[WHAT NEEDS TO BE DONE]
Below are some records; give them all again exactly, but not the pictures.
##### GIVEN ENTRIES
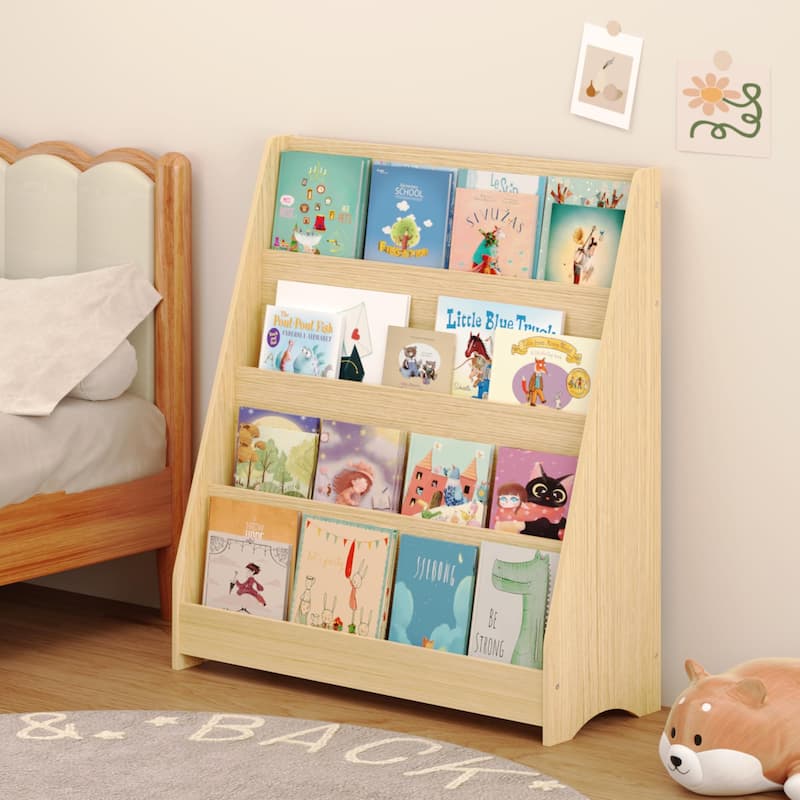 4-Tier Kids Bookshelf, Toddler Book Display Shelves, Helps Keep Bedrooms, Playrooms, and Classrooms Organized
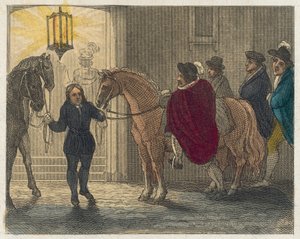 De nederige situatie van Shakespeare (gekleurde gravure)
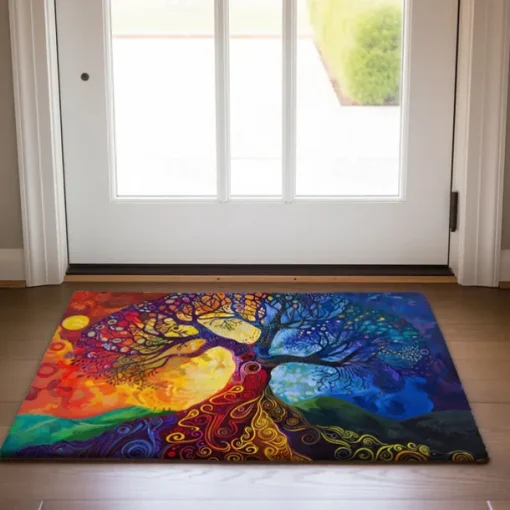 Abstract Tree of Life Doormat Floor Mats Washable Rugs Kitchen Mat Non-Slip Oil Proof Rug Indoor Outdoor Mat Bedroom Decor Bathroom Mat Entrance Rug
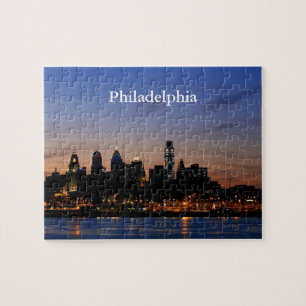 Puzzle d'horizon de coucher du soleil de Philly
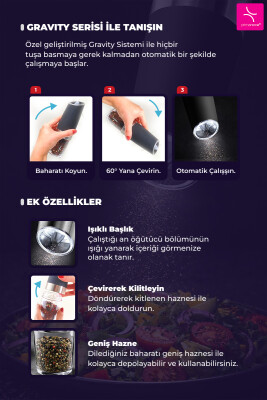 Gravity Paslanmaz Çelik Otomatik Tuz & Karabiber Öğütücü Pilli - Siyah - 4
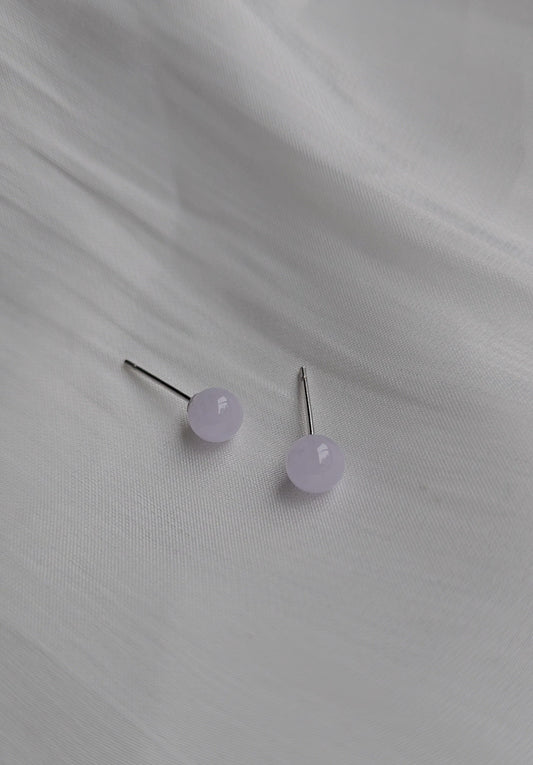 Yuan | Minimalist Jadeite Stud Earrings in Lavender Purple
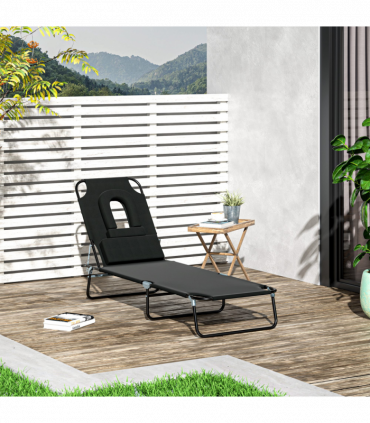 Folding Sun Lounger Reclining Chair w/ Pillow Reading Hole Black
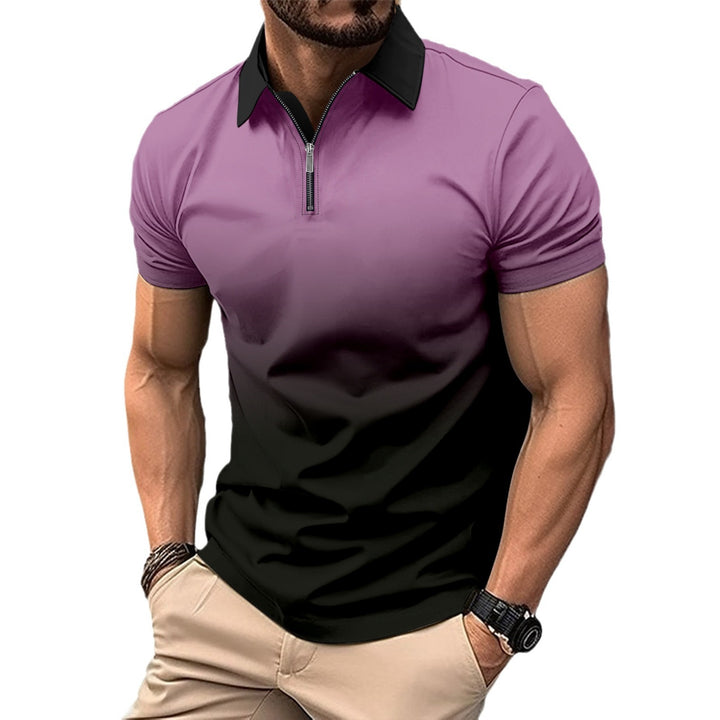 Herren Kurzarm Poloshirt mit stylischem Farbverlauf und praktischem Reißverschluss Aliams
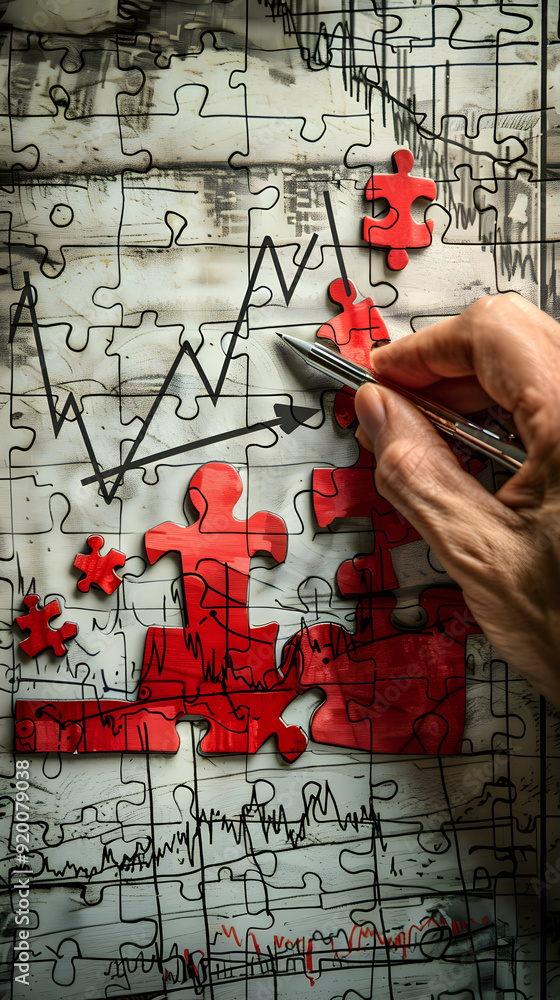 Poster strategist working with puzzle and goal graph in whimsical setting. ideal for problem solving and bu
##########
[THE ANSWER]
 4-Tier Kids Bookshelf, Toddler Book Display Shelves, Helps Keep Bedrooms, Playrooms, and Classrooms Organized
 De nederige situatie van Shakespeare (gekleurde gravure)
 Abstract Tree of Life Doormat Floor Mats Washable Rugs Kitchen Mat Non-Slip Oil Proof Rug Indoor Outdoor Mat Bedroom Decor Bathroom Mat Entrance Rug
 Puzzle d'horizon de coucher du soleil de Philly
 Gravity Paslanmaz Çelik Otomatik Tuz & Karabiber Öğütücü Pilli - Siyah - 4
 Yuan | Minimalist Jadeite Stud Earrings in Lavender Purple
 Folding Sun Lounger Reclining Chair w/ Pillow Reading Hole Black
 Herren Kurzarm Poloshirt mit stylischem Farbverlauf und praktischem Reißverschluss Aliams
 Poster strategist working with puzzle and goal graph in whimsical setting. ideal for problem solving and bu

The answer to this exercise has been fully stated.